Продолжая быть везде в гуще литературных  событий, теперь, после ответа отца и дяди, Сашка  в стихах стал посмеиваться над необходимостью «красиво мерзнуть на параде».  С чистой совестью  решил посвятить себя литературным боям на стороне последователей Карамзина и Жуковского, в "Арзамасе";  получал  от этого немало удовольствия!

Все это время оставался под влиянием любимого Вольтера. «Ему я обязан и ранним  своим  безбожием,  и  склонностью  к сатире… Впрочем, надо признать, что моя сатира находится  также в зависимости от литературной борьбы карамзинистов   и от шутливых  сатир  Батюшкова…»  - Его  все так же притягивали  к себе "Оссианнизм"  и  "Барды»...
 
Но   больше всего ему нравится  новая элегическая  поэзия,  связанная  с Парни и  Мильвуа. Недаром он постоянно ищет их стихи, читает запоем, создает  пародии в их  духе. Вдохновленный сатирой Батюшкова  на  борьбу  с  "Беседой", разделял  все  симпатии и антипатии "Арзамаса".

И, пока все лицеисты находились в волнениях и тревогах по  поводу выпуска, он грыз перо,  выливая  на голубой листок  свое отношение ко всей этой суете:

Промчались годы заточенья;
Недолго, мирные друзья,
Нам видеть кров уединенья
И царскосельские поля.
Разлука ждет нас у порога,
Зовет нас дальний света шум,
И каждый смотрит на дорогу,
С волненьем гордых, юных дум.
Иной, под кивер спрятав ум,
Уже в воинственном наряде
Гусарской саблею махнул –
В крещенской утренней прохладе
Красиво мерзнет на параде,
А греться едет в караул;
Другой, рожденный быть вельможей,
Не честь, а почести любя,
У плута знатного в прихожей
Покорным плутом зрит себя;
Лишь я, судьбе своей послушный,
Счастливой лени верный сын,
Всегда беспечный, равнодушный,
Я тихо задремал один.
Равны мне писари, уланы.
Равны мне каски, кивера,
Не рвусь я грудью в капитаны
И не ползу в асессора...

 Лицеисты теперь постоянно говорили о выпуске, собирали слухи, обсуждали их с горячностью, волновались об экзаменах. В очередной раз, вечером собравшись  у Жанно, они   вновь шептались о  списке - с каким чином и куда, «в зависимости от желания, благонравия и успехов в науке», выйдет из лицея каждый из них.

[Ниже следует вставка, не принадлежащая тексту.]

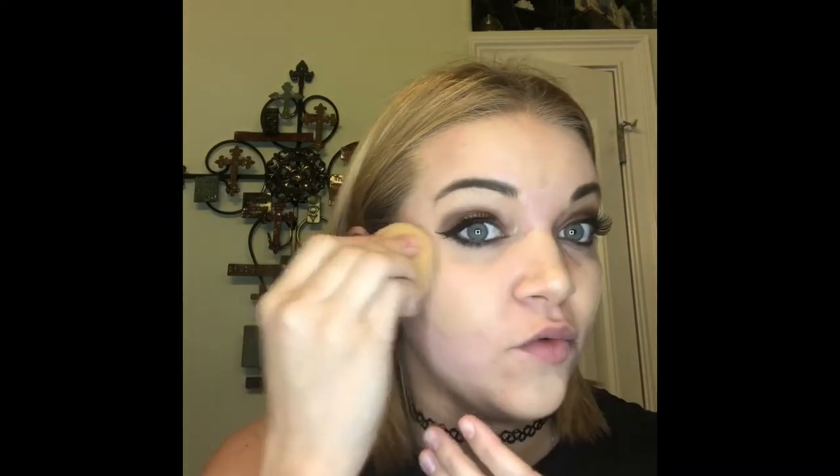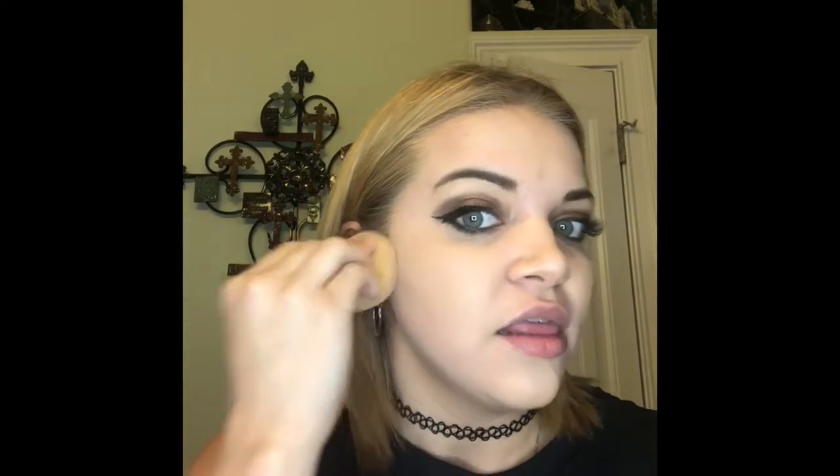I've taken my damp beauty blender, twisted it about one and a half times, and I'm just going to put some circles on my face. I put it in circles so you can see the areas you need to cover and to avoid overusing product. When you blend, make sure you are patting it into your skin — don't swipe or rub, because that gets it on top of your skin rather than into it, which means it won't last as long.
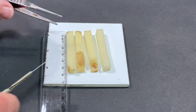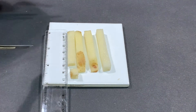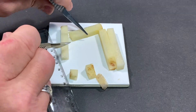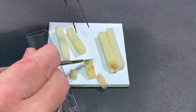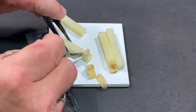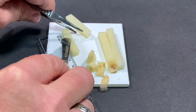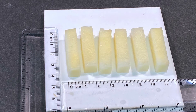Trim away any remaining skin from the potato sections to create even samples. Please adhere to the health and safety guidelines when using bladed or sharp equipment. Trim all the potato sections to an even length so they are uniform. At the end of this process you will require six even potato samples.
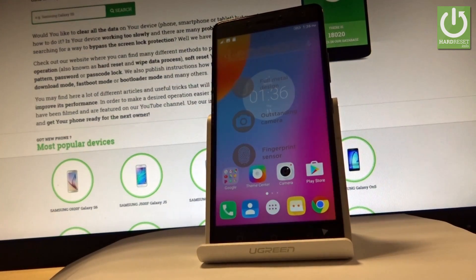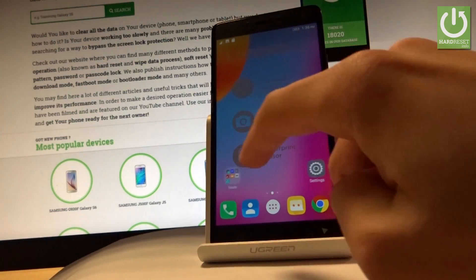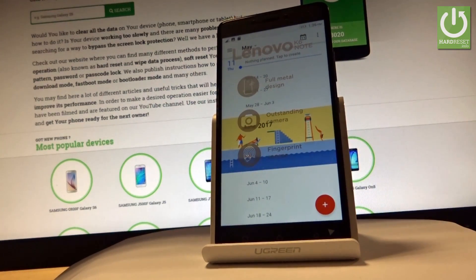Here I have Lenovo K6 Note and let me show you how to take screenshots on this phone. Let's start from the home screen and open the screen that you want to capture. In my case it could be, for example, a calendar. Let's open the calendar and assume that I want to save the following screen as a picture.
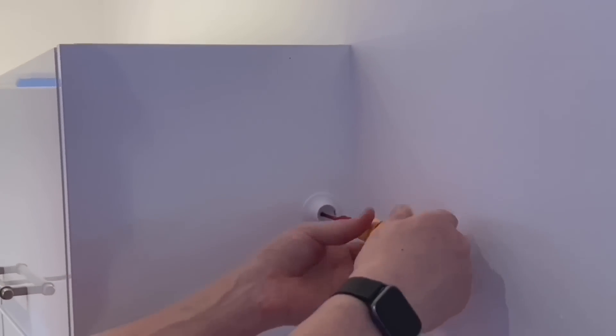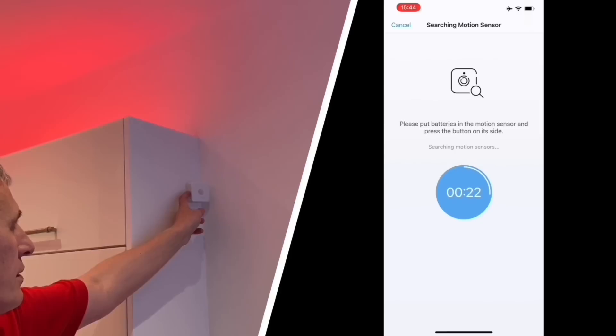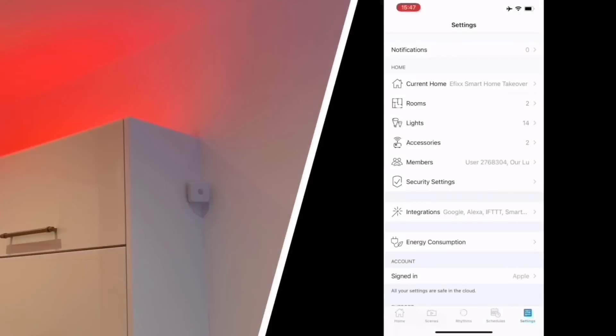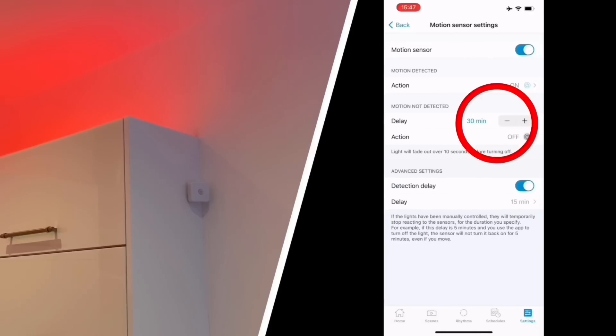It's a nice compact sensor. The base is on and you can angle it towards the doorway. Adding it in the app is a simple process - add an accessory, put the PIR into discovery mode with a little press on the side and a flash of the blue LED, and we're ready to be discovered. Give it a sensible name so you know where it is and what it's doing. Then choose a scene to be triggered and alter the parameters - like the timeout time. Let's bring that down to about 15 minutes.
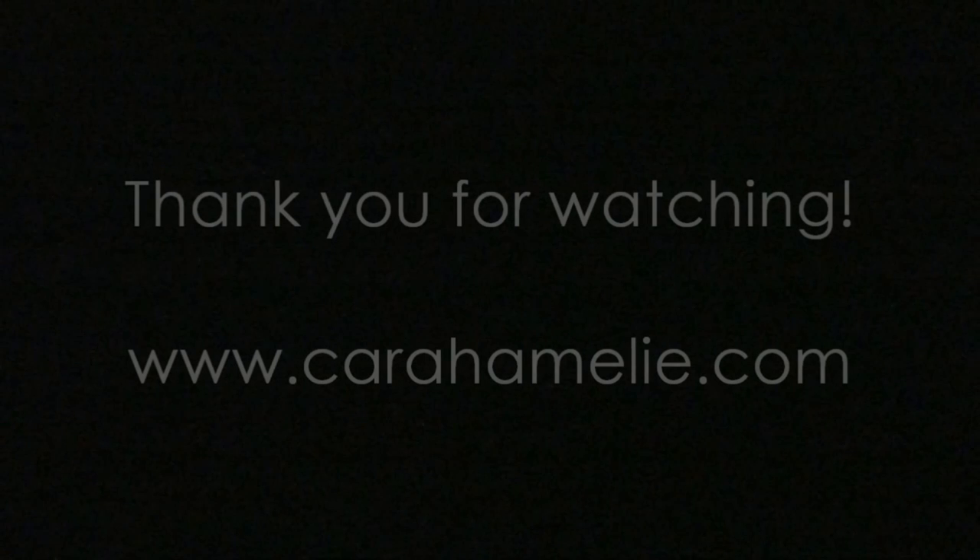I hope you guys liked this wedding makeup and I hope you guys have a wonderful wedding day. I will talk to you soon. Thanks for watching. Bye, guys.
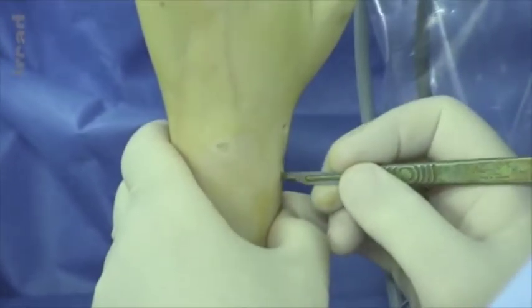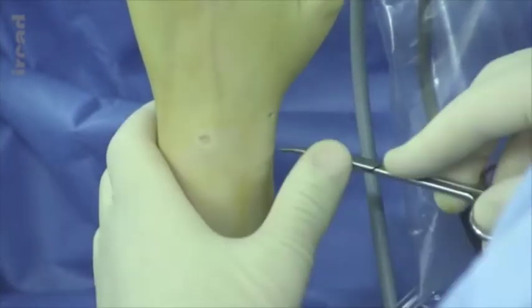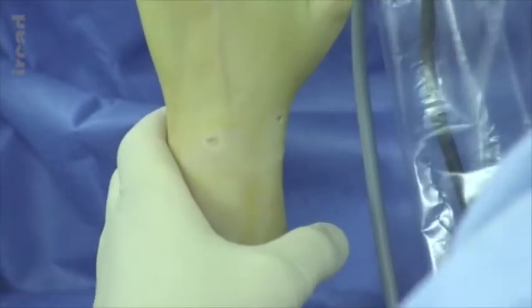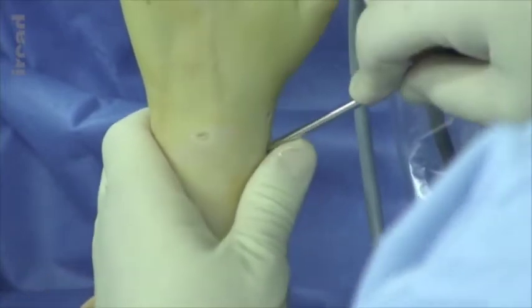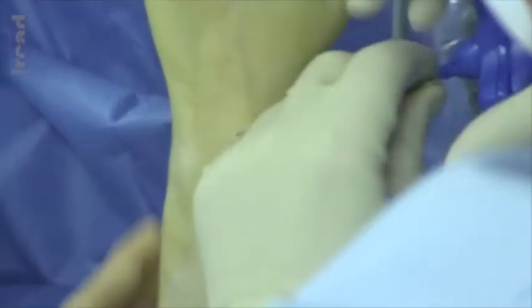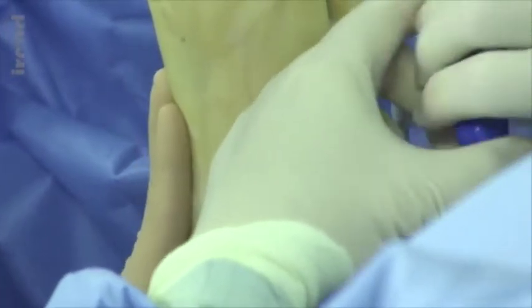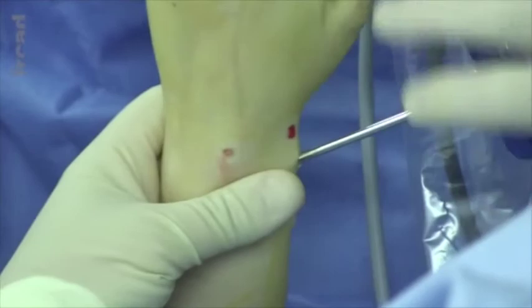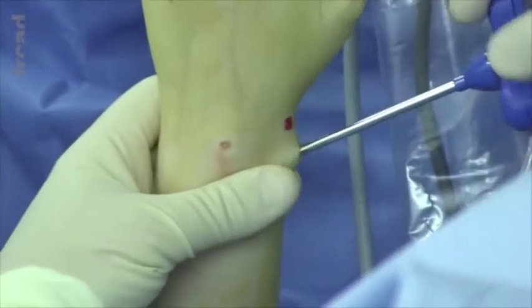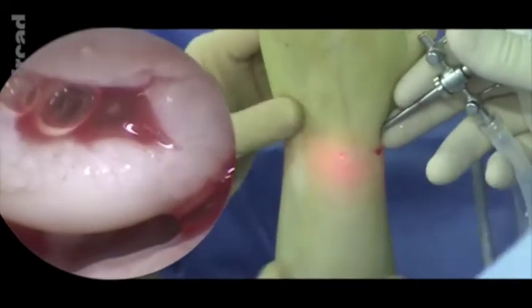Cancellous bone grafts will be sampled from the lateral aspect of the radius bone. To do so, a very small axis is used. A Jamshidi Trifin needle will be used to penetrate through the cortical bone structure of the radius, and the cannula tip in the middle of the Trifin will be removed. The Trifin will be entered into the radius in order to sample the graft. Rotating movements are used to sample these grafts without any difficulty.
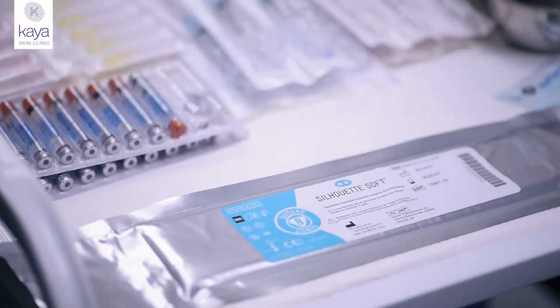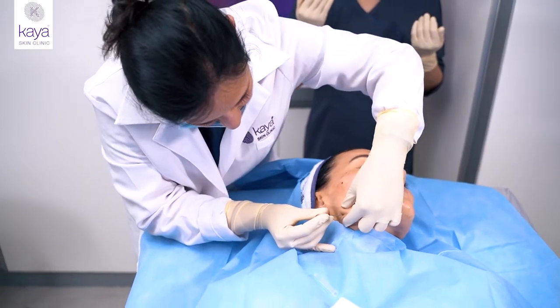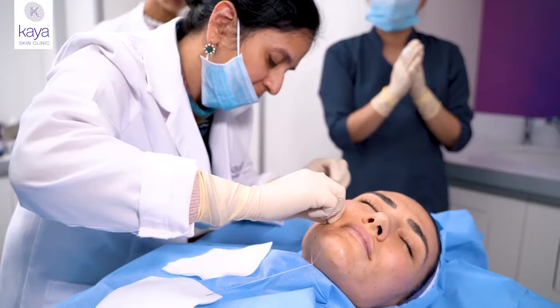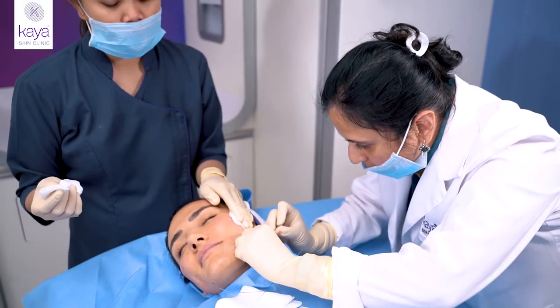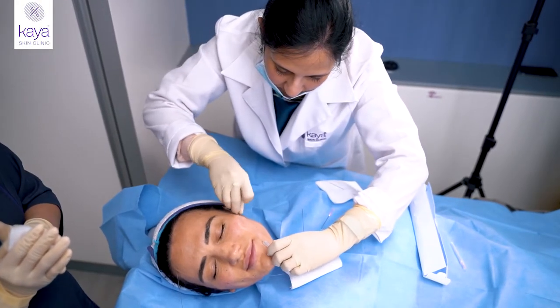Today we're doing threads. These threads are suture materials that are used to lift the soft tissues, and these threads will help lift the areas of the face that are slowly sagging. It causes an immediate tightening effect and then slowly builds collagen over the next couple of months to improve the results even further.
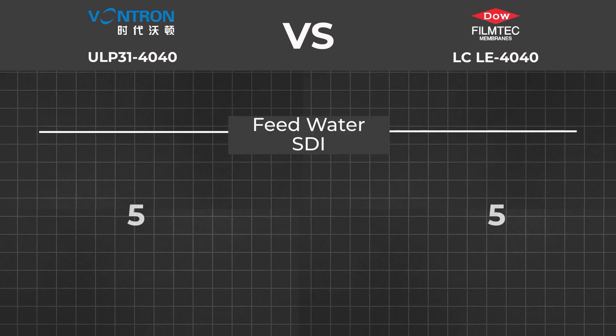Feedwater SDI: both membranes can work up to a 5 SDI index. SDI is the silt density index. If your water has too much silt, you can see it from its appearance — it will be turbid — and clogged membrane pores will block up very quickly. However, I have never seen any country's tap water reach a 5 SDI level.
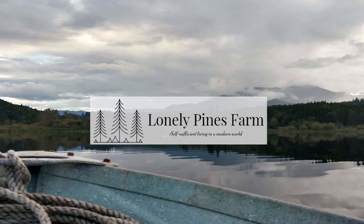Hey you guys, welcome back to another episode of Lonely Pines Farm. Today's video is part two on our chitting potatoes — we're actually putting them in the ground.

 Список не был еще составлен, о нем только говорили, но  они  уже слушали последнюю «национальную» песню:
 
Этот список - сущи бредни,
Кто тут первый, кто последний,
Все нули, все нули,
Ай  люли, люли, люли!..

Матюшкин  предложил:
- А давайте мы создадим рукописный сборник  наших стихов! -  И добился, что все обратили к нему любопытные  глаза. Илличевский сразу же все понял и подхватил:

- В нем мы подытожим наши творческие успехи!  Пусть младшие воспитанники знают, что лицейское творчество -  неотъемлемая часть лицейской жизни…

- А почему только стихи? Мы же создали  много хороших  «национальных песен»!  Пусть они тоже войдут в сборник! - загорелись глаза  и у Вольховского.

Никто не спорил – все  дружно согласились  начать подготовку рукописного  сборника. Поручили его   составлять Сашке, который  сам  ему   и   дал  название:  «Дух лицейских трубадуров». Туда, по общему согласию, решили  включить   двадцать четыре его  стихотворения, двадцать стихотворений  Тоси Дельвига, семь – Олоси Илличевского, пять  - Николая Корсакова   и два -  Вили Кюхельбекера, а также  лучшие куплеты  из  «национальных песен».

Несмотря на то, что они  все уже печатались в солидных литературных журналах, таких как «Вестник Европы» или «Российский музеум»,  эти лицеисты все проявили  горячий  интерес и к этому рукописному сборнику Они понимали, что  рукописный журнал  может  явиться примером   преемственности литературных  лицейских традиций для всех  будущих лицеистов. Нужно ли говорить, что все  переписывали беспрекословно  набело не  только свои, но  и чужие стихи?..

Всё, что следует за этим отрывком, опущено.